Delhi HC tells Singh brothers to honour commitment to secure assets

Daiichi and the Singh brothers have been locked in the arbitration case since 2013 over the sale of Ranbaxy, once India's largest drug maker.

NEW DELHI: Malvinder and Shivinder Singh, former promoters of Ranbaxy Laboratories, have a week to respond to the Delhi High Court on an application filed by Daiichi Sankyo, which is seeking to block the brothers from selling their assets.

As ET reported on January 17, the Japanese drug maker approached the court fearing that the brothers’ plan to sell stakes in Fortis Healthcare and Religare Finvest could hamper its recovery of over Rs 2,500 crore as part of an arbitration award.

Daiichi and the Singh brothers have been locked in the arbitration case since 2013 over the sale of Ranbaxy, once India's largest drug maker.
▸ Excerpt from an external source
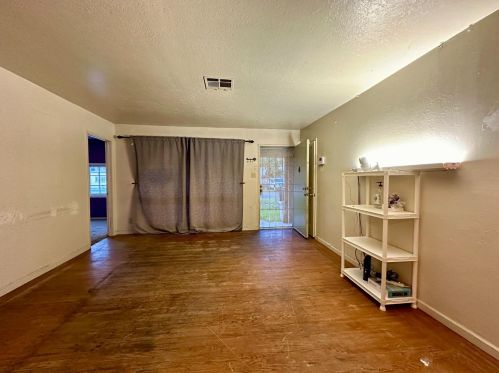 918 Loletta Ave, Modesto CA  95351-1839 exterior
Daiichi, which bought Ranbaxy for $4.6 billion in 2008 from the Singh brothers, later sold it to India’s Sun Pharmaceutical Industries at a much lower valuation.

A Singapore tribunal last year ordered the brothers to pay Daiichi Sankyo Rs 2,562 crore in damages for concealing information on wrongdoing at Ranbaxy. Daiichi had to face financial loss worth $500 million after Ranbaxy was fined by the US Department of Justice for allegedly making adulterated drugs.